[Records to use Boundary: Start]

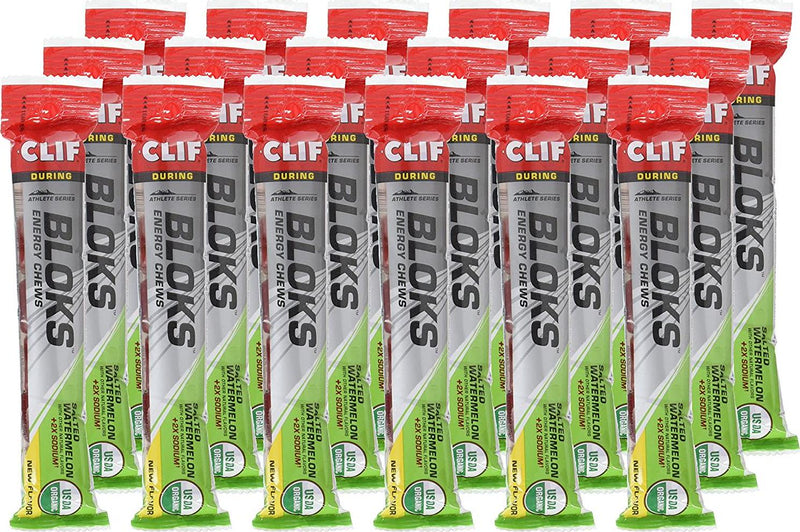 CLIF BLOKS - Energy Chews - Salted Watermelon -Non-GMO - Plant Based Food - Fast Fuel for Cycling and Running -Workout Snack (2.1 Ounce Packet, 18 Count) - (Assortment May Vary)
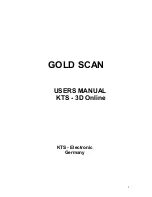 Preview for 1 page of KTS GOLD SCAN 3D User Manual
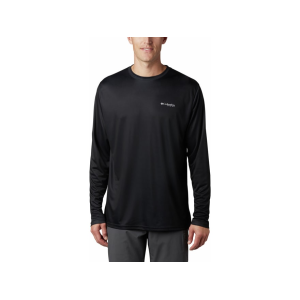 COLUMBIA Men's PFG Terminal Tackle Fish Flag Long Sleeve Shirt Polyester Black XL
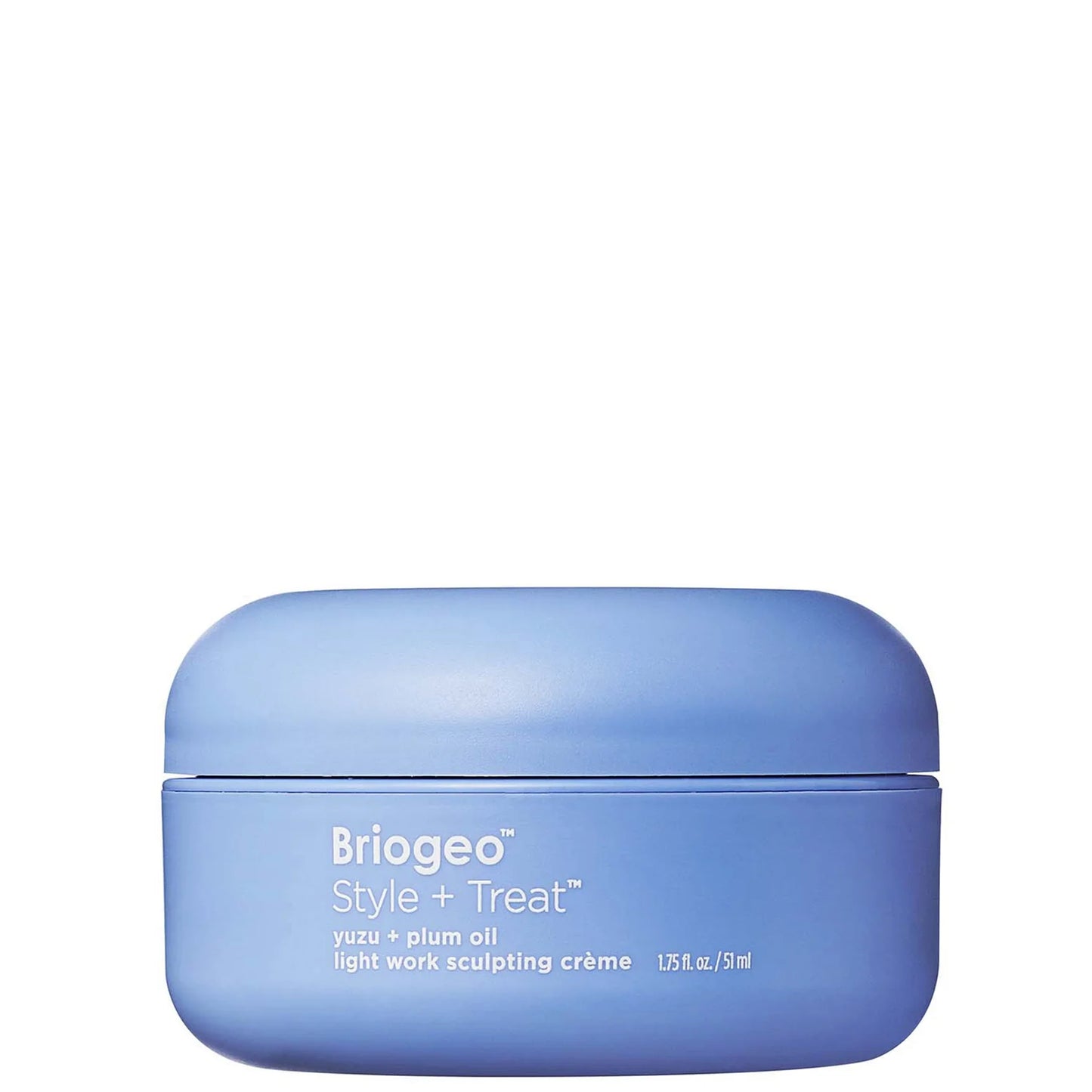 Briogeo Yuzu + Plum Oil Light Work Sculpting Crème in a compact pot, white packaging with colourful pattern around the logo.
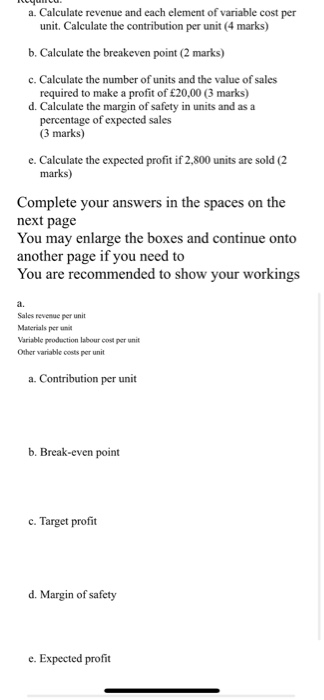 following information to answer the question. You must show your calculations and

[Records to use Boundary: End]

* Required work
A faithful copy of every record is needed here. Leave the images out of it.

* Exercise response
 CLIF BLOKS - Energy Chews - Salted Watermelon -Non-GMO - Plant Based Food - Fast Fuel for Cycling and Running -Workout Snack (2.1 Ounce Packet, 18 Count) - (Assortment May Vary)
 Preview for 1 page of KTS GOLD SCAN 3D User Manual
 COLUMBIA Men's PFG Terminal Tackle Fish Flag Long Sleeve Shirt Polyester Black XL
 Briogeo Yuzu + Plum Oil Light Work Sculpting Crème in a compact pot, white packaging with colourful pattern around the logo.
 following information to answer the question. You must show your calculations and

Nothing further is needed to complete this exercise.